======== Supplied records ========

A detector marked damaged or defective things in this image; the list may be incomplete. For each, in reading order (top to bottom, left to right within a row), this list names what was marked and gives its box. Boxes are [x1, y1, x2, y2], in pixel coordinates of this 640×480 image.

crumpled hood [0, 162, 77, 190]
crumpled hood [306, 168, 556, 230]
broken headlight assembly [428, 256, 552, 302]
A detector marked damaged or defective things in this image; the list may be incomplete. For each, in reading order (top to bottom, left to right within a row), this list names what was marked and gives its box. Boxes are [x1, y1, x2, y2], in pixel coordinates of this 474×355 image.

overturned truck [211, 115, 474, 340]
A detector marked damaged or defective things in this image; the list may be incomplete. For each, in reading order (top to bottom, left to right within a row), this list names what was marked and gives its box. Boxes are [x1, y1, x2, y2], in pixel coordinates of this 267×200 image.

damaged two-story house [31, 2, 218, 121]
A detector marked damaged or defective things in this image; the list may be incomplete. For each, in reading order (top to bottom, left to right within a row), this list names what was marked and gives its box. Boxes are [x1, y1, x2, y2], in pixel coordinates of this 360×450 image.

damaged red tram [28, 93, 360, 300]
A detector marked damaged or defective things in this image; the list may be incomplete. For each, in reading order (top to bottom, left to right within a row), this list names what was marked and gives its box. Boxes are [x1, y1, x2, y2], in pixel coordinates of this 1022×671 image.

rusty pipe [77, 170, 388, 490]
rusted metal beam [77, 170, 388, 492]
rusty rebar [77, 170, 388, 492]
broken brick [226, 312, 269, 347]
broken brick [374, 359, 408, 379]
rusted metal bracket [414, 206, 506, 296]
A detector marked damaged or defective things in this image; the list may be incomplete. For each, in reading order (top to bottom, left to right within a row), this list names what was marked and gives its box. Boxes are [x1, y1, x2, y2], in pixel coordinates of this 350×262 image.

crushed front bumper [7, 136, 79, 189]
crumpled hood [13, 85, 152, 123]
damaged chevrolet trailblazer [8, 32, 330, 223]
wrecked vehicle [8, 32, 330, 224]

========

All of the data above should be set down word for word.

Finished task:
A detector marked damaged or defective things in this image; the list may be incomplete. For each, in reading order (top to bottom, left to right within a row), this list names what was marked and gives its box. Boxes are [x1, y1, x2, y2], in pixel coordinates of this 640×480 image.

crumpled hood [0, 162, 77, 190]
crumpled hood [306, 168, 556, 230]
broken headlight assembly [428, 256, 552, 302]
A detector marked damaged or defective things in this image; the list may be incomplete. For each, in reading order (top to bottom, left to right within a row), this list names what was marked and gives its box. Boxes are [x1, y1, x2, y2], in pixel coordinates of this 474×355 image.

overturned truck [211, 115, 474, 340]
A detector marked damaged or defective things in this image; the list may be incomplete. For each, in reading order (top to bottom, left to right within a row), this list names what was marked and gives its box. Boxes are [x1, y1, x2, y2], in pixel coordinates of this 267×200 image.

damaged two-story house [31, 2, 218, 121]
A detector marked damaged or defective things in this image; the list may be incomplete. For each, in reading order (top to bottom, left to right within a row), this list names what was marked and gives its box. Boxes are [x1, y1, x2, y2], in pixel coordinates of this 360×450 image.

damaged red tram [28, 93, 360, 300]
A detector marked damaged or defective things in this image; the list may be incomplete. For each, in reading order (top to bottom, left to right within a row), this list names what was marked and gives its box. Boxes are [x1, y1, x2, y2], in pixel coordinates of this 1022×671 image.

rusty pipe [77, 170, 388, 490]
rusted metal beam [77, 170, 388, 492]
rusty rebar [77, 170, 388, 492]
broken brick [226, 312, 269, 347]
broken brick [374, 359, 408, 379]
rusted metal bracket [414, 206, 506, 296]
A detector marked damaged or defective things in this image; the list may be incomplete. For each, in reading order (top to bottom, left to right within a row), this list names what was marked and gives its box. Boxes are [x1, y1, x2, y2], in pixel coordinates of this 350×262 image.

crushed front bumper [7, 136, 79, 189]
crumpled hood [13, 85, 152, 123]
damaged chevrolet trailblazer [8, 32, 330, 223]
wrecked vehicle [8, 32, 330, 224]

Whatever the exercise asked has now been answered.